Lewandowski o "Złotej Piłce": Nie podniecam się

Robert Lewandowski strzelił kolejnego gola w tym sezonie Ligi Mistrzów, a Bayern rozbił Olympiakos 4:0, mimo że przez znaczną część meczu grał w "dziesiątkę". - Pierwsza połowa była perfekcyjna - mówi kapitan reprezentacji Polski.
- Kontrolowaliśmy to spotkanie. Byliśmy częściej przy piłce nawet wtedy, gdy Holger Badstuber dostał czerwoną kartkę. Pierwsza połowa była perfekcyjna. W drugiej mogliśmy strzelić więcej goli. Zagraliśmy efektownie i efektywnie - ocenia Lewandowski, który opuścił boisko w 56. minucie. Bayern grał już wtedy w "dziesiątkę", bo chwilę wcześniej z boiska wyleciał Badstuber.
- Przed meczem miałem małe problemy z mięśniem. Czasami taki odpoczynek się przyda. Dzisiaj nie będę tego czuł, ale odrobina świeżości przyda się w kolejnych tygodniach i miesiącach - twierdzi kapitan reprezentacji Polski.

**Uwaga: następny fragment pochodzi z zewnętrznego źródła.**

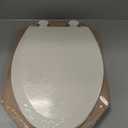 Bemis 1500EC Durable Wood Toilet Seat with Easy Clean Hinges, Made in USA, Elongated, Biscuit
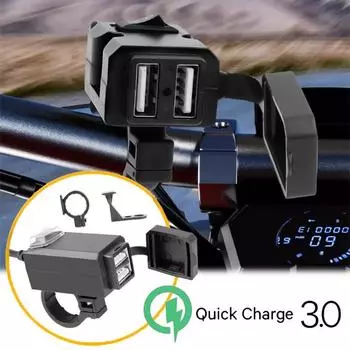 Зарядное устройство для телефона на мотоцикле, устанавливаемое на руль, с двумя USB-портами, водонепроницаемый цифровой вольтметр QC 3.0, USB-кабель-адаптер чёрный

Lewandowski ma za sobą świetny rok. Nazwisko Polaka zaczęło się nawet pojawiać w gronie kandydatów do czołowych miejsc w prestiżowym plebiscycie "Złotej Piłki".
- Nie podniecam się. Jeśli znajdę się w trójce, to będę zadowolony, bo ten rok zaliczę do udanych - mówi Lewandowski, który jako kapitan reprezentacji Polski miał prawo głosu w plebiscycie. Na swojej liście umieścił kolegów z Bayernu - Manuela Neuera, Thomasa Muellera i Arturo Vidala, a pominął choćby Leo Messiego.
- Nie gramy razem na co dzień. Poza tym ostatnio Messi był kontuzjowany. Wolałem głosować na zawodników, z którymi trenuję i wiem, jak dobrymi są piłkarzami - powiedział Lewandowski.